#### TASK INSTRUCTIONS
The records below are to be duplicated character for character.
+-------+
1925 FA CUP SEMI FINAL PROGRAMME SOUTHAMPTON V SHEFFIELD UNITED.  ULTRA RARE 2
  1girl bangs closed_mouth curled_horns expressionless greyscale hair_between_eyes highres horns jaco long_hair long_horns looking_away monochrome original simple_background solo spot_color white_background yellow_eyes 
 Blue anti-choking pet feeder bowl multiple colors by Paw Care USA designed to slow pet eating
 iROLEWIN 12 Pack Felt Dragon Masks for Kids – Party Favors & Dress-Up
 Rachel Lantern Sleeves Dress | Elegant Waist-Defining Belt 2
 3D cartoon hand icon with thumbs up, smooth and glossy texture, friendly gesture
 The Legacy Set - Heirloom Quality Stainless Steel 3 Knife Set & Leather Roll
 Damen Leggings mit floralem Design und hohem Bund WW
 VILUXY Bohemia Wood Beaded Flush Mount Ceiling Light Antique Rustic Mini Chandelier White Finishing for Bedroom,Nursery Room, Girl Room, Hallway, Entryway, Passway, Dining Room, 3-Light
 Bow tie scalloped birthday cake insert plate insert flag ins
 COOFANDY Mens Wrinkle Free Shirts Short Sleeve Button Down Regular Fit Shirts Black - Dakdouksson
+-------+
#### COMPLETED EXERCISE
1925 FA CUP SEMI FINAL PROGRAMME SOUTHAMPTON V SHEFFIELD UNITED.  ULTRA RARE 2
  1girl bangs closed_mouth curled_horns expressionless greyscale hair_between_eyes highres horns jaco long_hair long_horns looking_away monochrome original simple_background solo spot_color white_background yellow_eyes 
 Blue anti-choking pet feeder bowl multiple colors by Paw Care USA designed to slow pet eating
 iROLEWIN 12 Pack Felt Dragon Masks for Kids – Party Favors & Dress-Up
 Rachel Lantern Sleeves Dress | Elegant Waist-Defining Belt 2
 3D cartoon hand icon with thumbs up, smooth and glossy texture, friendly gesture
 The Legacy Set - Heirloom Quality Stainless Steel 3 Knife Set & Leather Roll
 Damen Leggings mit floralem Design und hohem Bund WW
 VILUXY Bohemia Wood Beaded Flush Mount Ceiling Light Antique Rustic Mini Chandelier White Finishing for Bedroom,Nursery Room, Girl Room, Hallway, Entryway, Passway, Dining Room, 3-Light
 Bow tie scalloped birthday cake insert plate insert flag ins
 COOFANDY Mens Wrinkle Free Shirts Short Sleeve Button Down Regular Fit Shirts Black - Dakdouksson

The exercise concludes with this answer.